Lots of people in the comments talking about how this is about training data, but surely this is actually about hiring competent people after the mass exodus/firing at xAI?
Whoever thinks the talent pool is this limited that it requires offering Cursor of all places $60B is pattern-matching so hard they might as well be a quilt.
The AI bubble music stops when one of these former-darling companies has a complete crashout rather than a "successful exit". The investors keep investing because even largely-failed products get acquihire paydays
Note that Meta paid ~16b for Alexandr Wang, and Google paid ~3b for the windsurf executive team. You are making a category error -- the talent pool isn't "ML researcher" it's "competent leader"
The acquihire angle is probably part of it, but I'd note that Cursor's team is small — around 50 people — and the $60B valuation makes it expensive per head even by AI acquihire standards. You don't pay that multiple for talent alone.

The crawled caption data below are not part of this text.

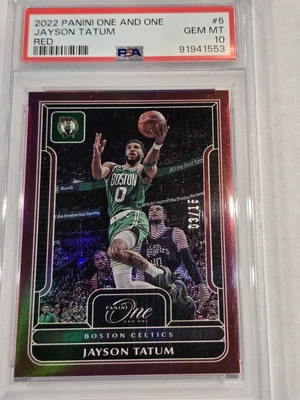 2022 Panini One And One Jayson Tatum RED #5 PSA 10 - Image 1 of 2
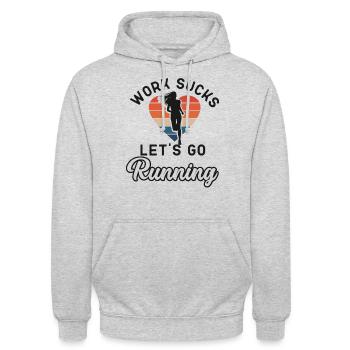 Running Runner Half Marathon - Unisex Hoodie - Hellgrau meliert - Vorne - Alina (178cm) & Michal (187cm)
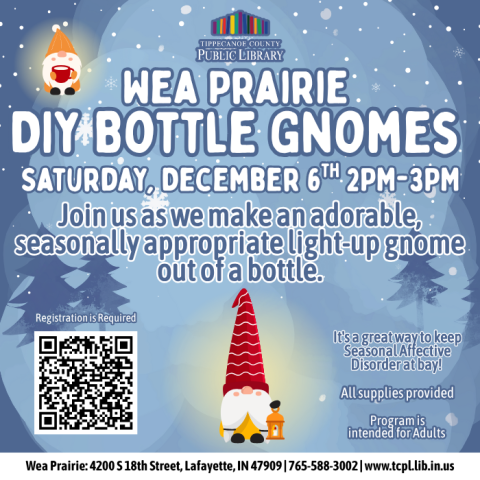 a calendar graphic for DIY Bottle Gnomes, featuring an abstract winter-y background with 2 illustrated gnomes surrounded by warm light and holding lanterns. There is a registration QR code in the bottom left.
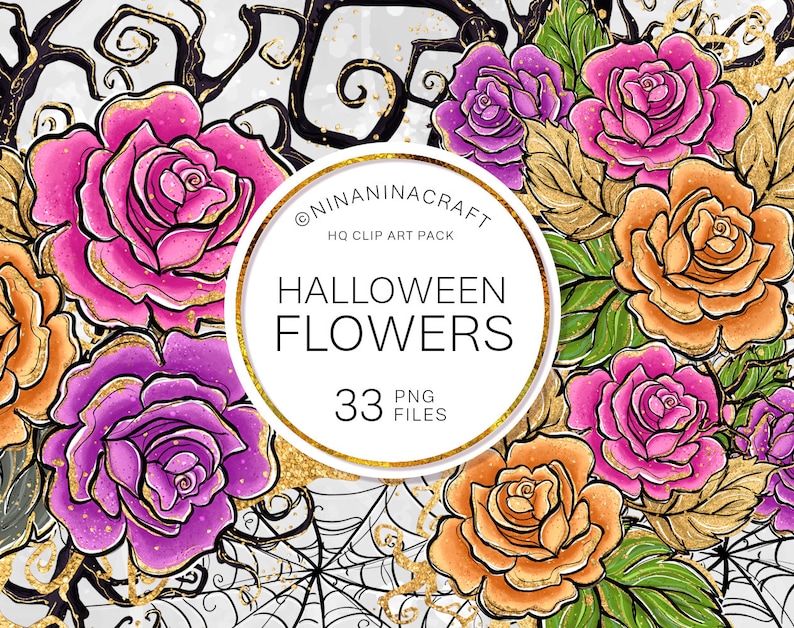 May include: A digital clip art pack of 33 Halloween themed flowers. The flowers are in shades of pink, purple, orange, and yellow with gold glitter accents. The flowers are arranged on a black and white background with a spider web design. The text "HALLOWEEN FLOWERS" is in a gold circle with the number "33" and the words "PNG FILES" below it.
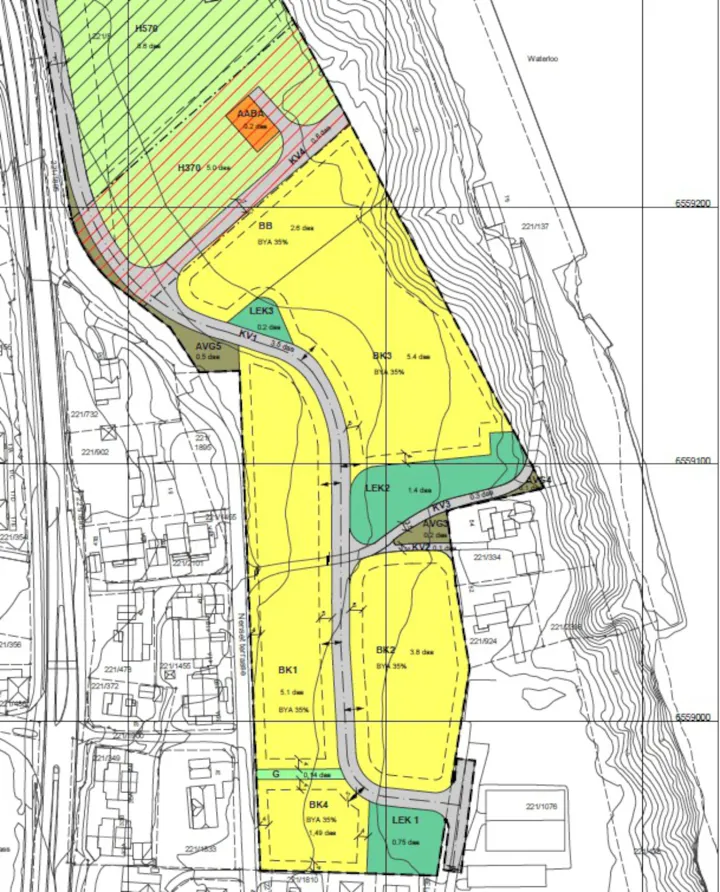 Kart som viser område for utbyggingsavtalen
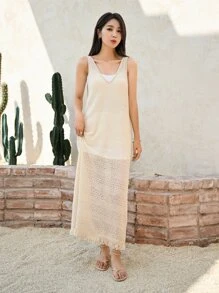 DAZY Solid Fringe Trim Tank Dress Without Liner - Beige - View 5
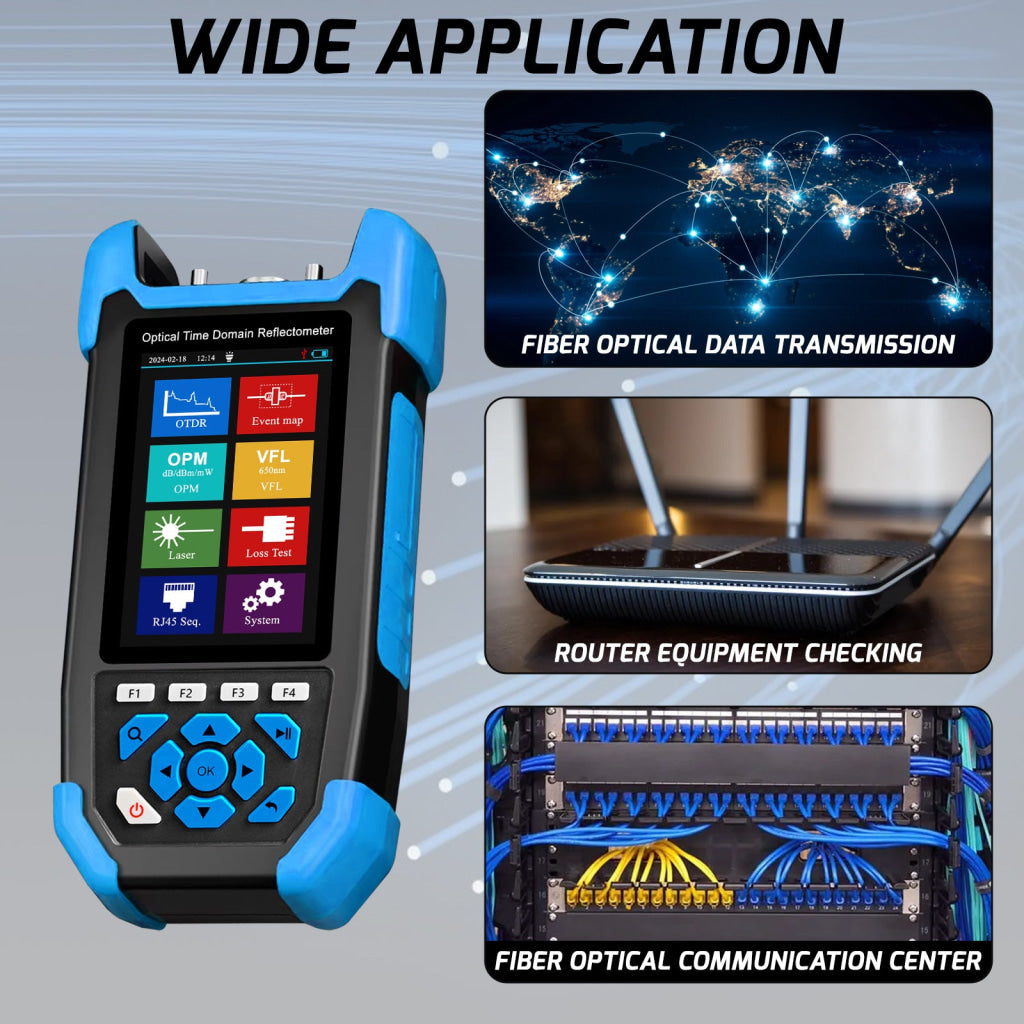Professional 8-in-1 Fiber Optic Tester Multifunctional OTDR for FTTx and Network Maintenance 3.5-inch Display Screen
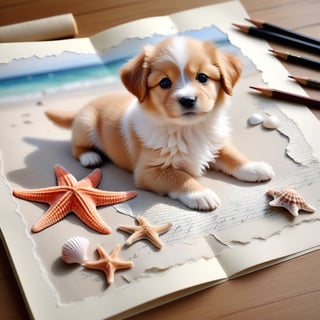 ((ultra realistic photo)), artistic sketch art, Make a pencil sketch of an adorable little FLUFFY PUPPY on an old torn edge paper, art, DETAILED textures, pure perfection, hIgh definition, detailed beach around THE PAPER, tiny delicate sea-shell, starfish, sea , delicate coral, sand on the paper, little calligraphy text all over the paper, tiny delicate drawings,BookScenic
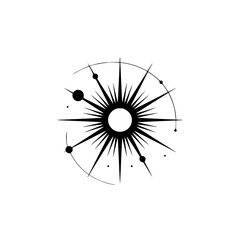 Obraz premium Abstract Celestial Illustration: Sunburst with Planets in Minimalist Style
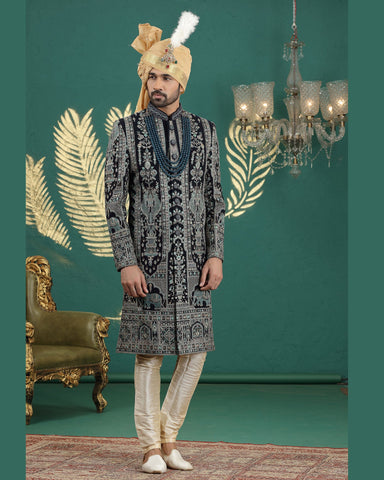 Navy Blue & Gold Art Silk Man Wedding Sherwani Set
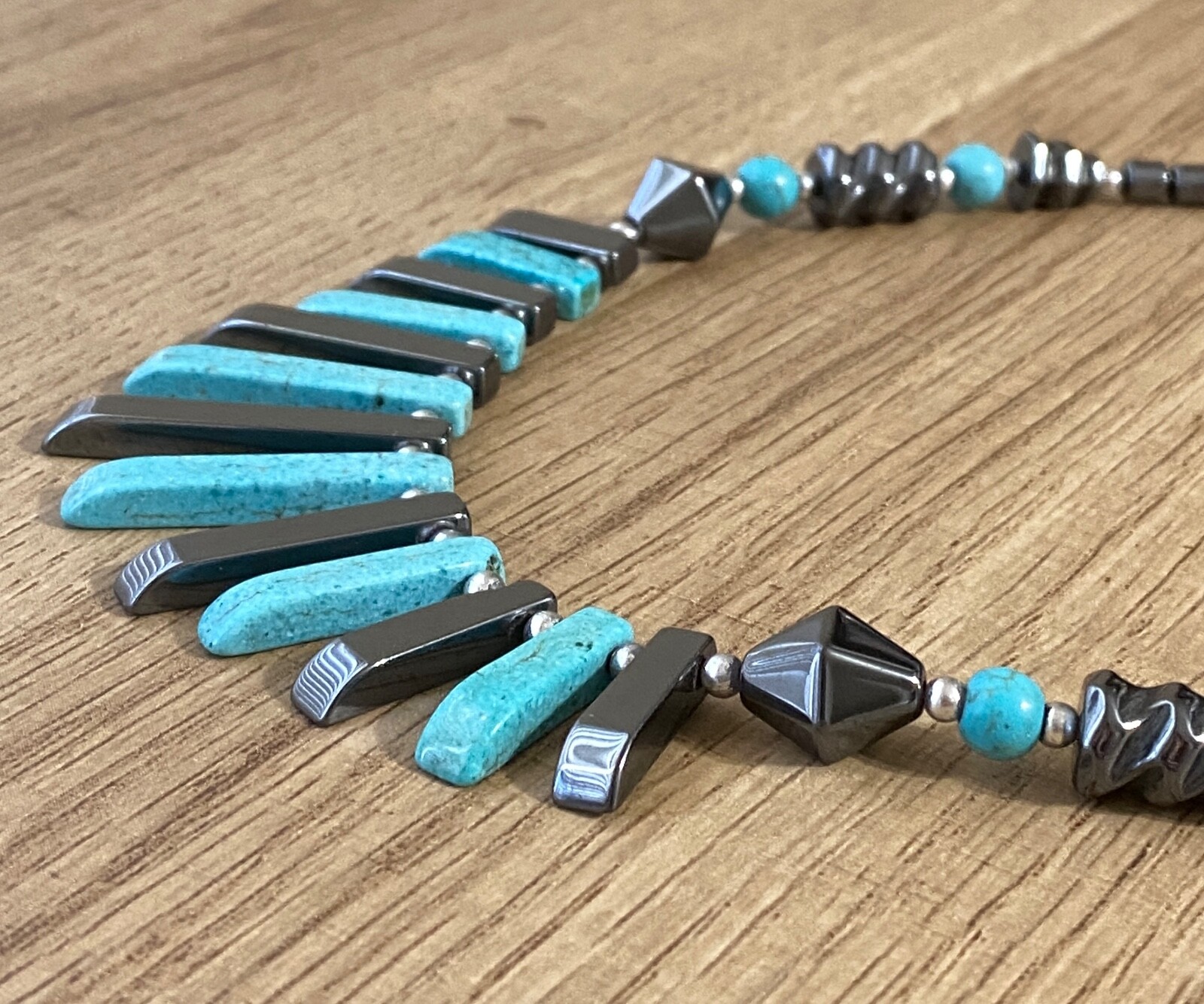 Vintage Turquoise Blue Dyed Gemstone Bib Necklace Carved Polished Shiny Fringe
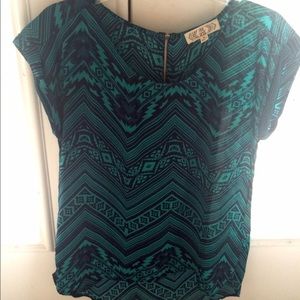 Blue Aztec print top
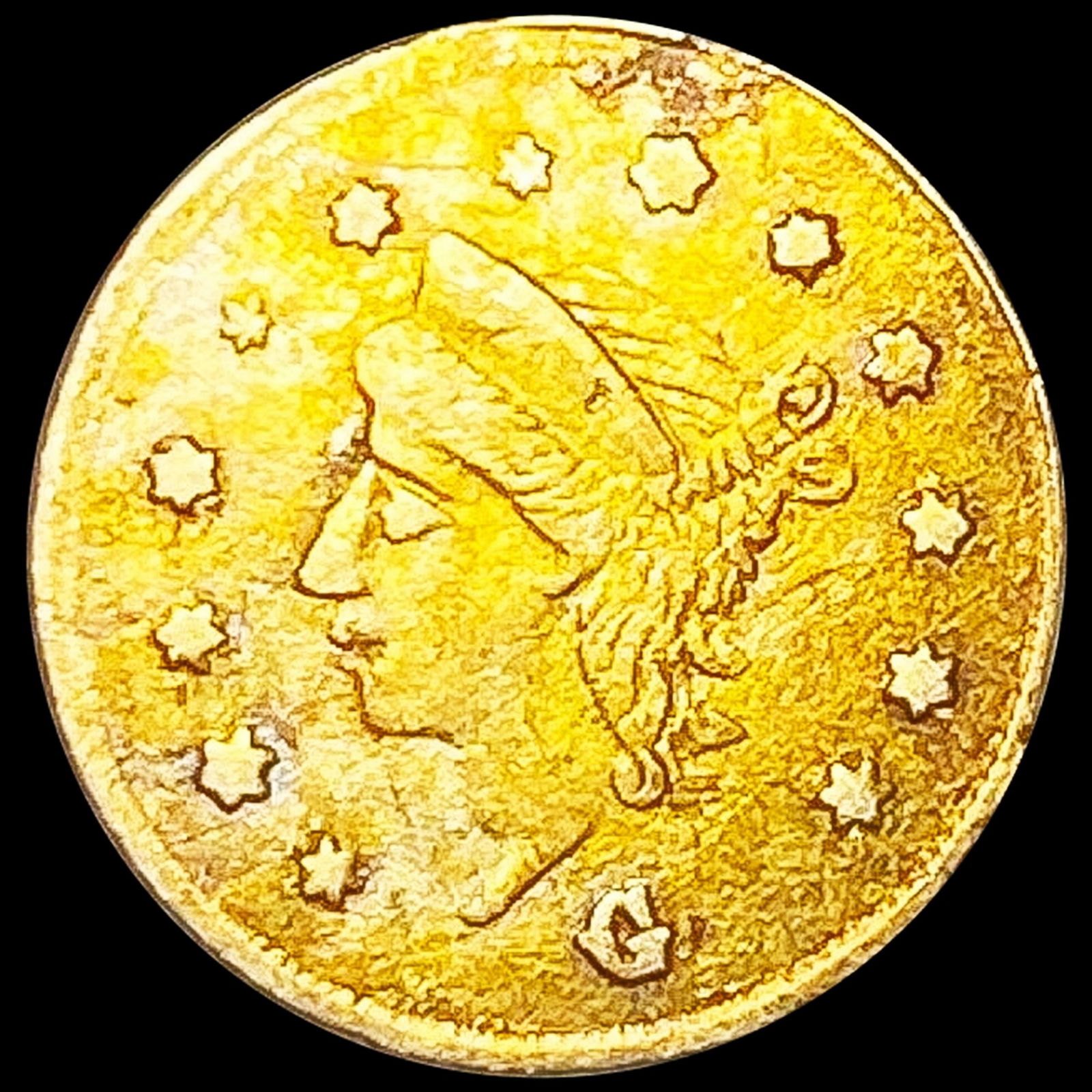 1867 Round California Gold Quarter UNCIRCULATED (1 of 2)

What you might pay for is market signal + model distribution. Grok needs a story for why enterprises should switch. "The model that powers the tool you already use every day" is a much easier enterprise sales pitch than "our LLM benchmarks slightly better." The $60B is at least partially buying the answer to the question: why should any company bet on xAI?
I think composer has currently by far the best price to performance ratio for coding (not counting subsidized subscription cost by OpenAI and Anthropic).
It's based on Kimi K2, but I think it's fair to say, that their RL really sets it apart from the other open weight models.